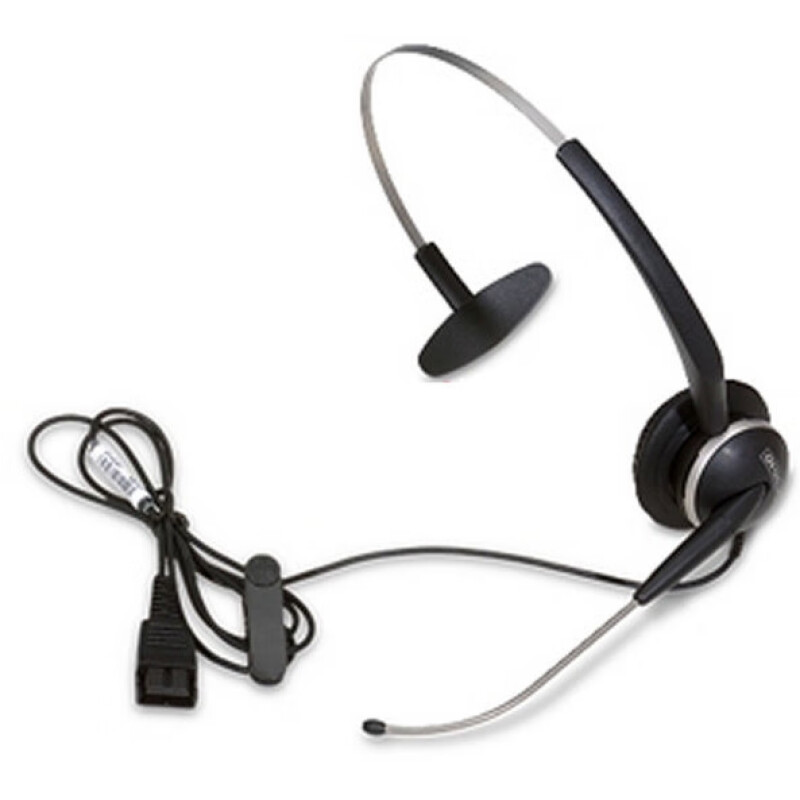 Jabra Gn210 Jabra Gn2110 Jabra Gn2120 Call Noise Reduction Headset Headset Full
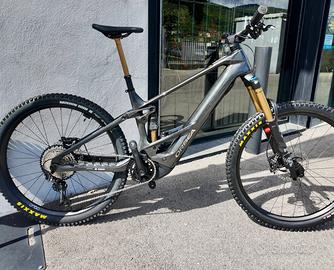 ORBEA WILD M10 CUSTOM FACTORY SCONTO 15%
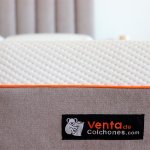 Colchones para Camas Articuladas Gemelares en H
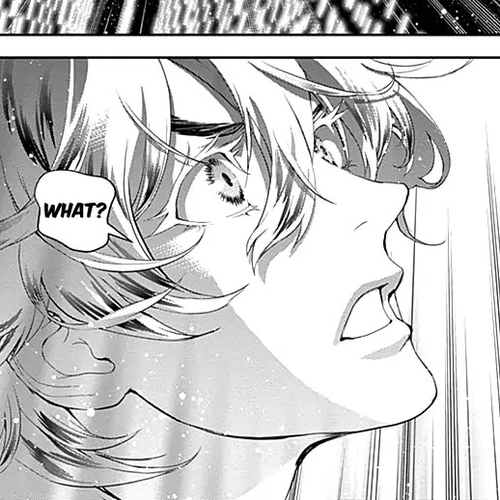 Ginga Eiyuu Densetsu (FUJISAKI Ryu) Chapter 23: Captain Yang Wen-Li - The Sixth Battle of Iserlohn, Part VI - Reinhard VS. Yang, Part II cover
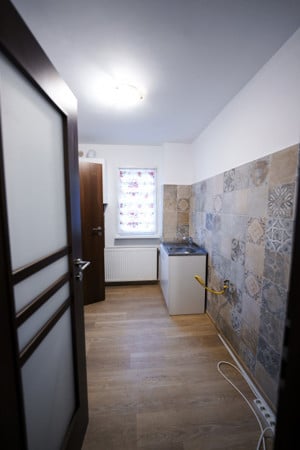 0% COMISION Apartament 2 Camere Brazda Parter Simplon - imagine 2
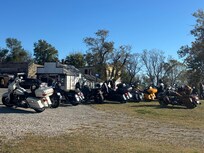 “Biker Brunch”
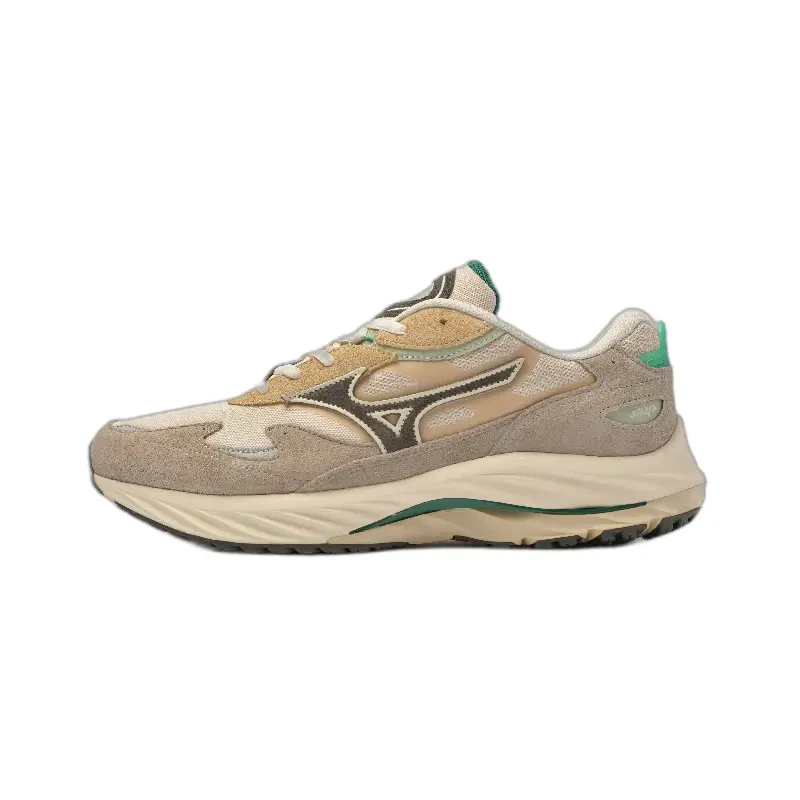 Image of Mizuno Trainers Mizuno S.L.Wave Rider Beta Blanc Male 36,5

-*-

#### [Work request]
Reproduce all of the material above word for word. Omit the pictures.

#### [Result of this task]
 Jabra Gn210 Jabra Gn2110 Jabra Gn2120 Call Noise Reduction Headset Headset Full
 ORBEA WILD M10 CUSTOM FACTORY SCONTO 15%
 Colchones para Camas Articuladas Gemelares en H
 Ginga Eiyuu Densetsu (FUJISAKI Ryu) Chapter 23: Captain Yang Wen-Li - The Sixth Battle of Iserlohn, Part VI - Reinhard VS. Yang, Part II cover
 0% COMISION Apartament 2 Camere Brazda Parter Simplon - imagine 2
 “Biker Brunch”
 Image of Mizuno Trainers Mizuno S.L.Wave Rider Beta Blanc Male 36,5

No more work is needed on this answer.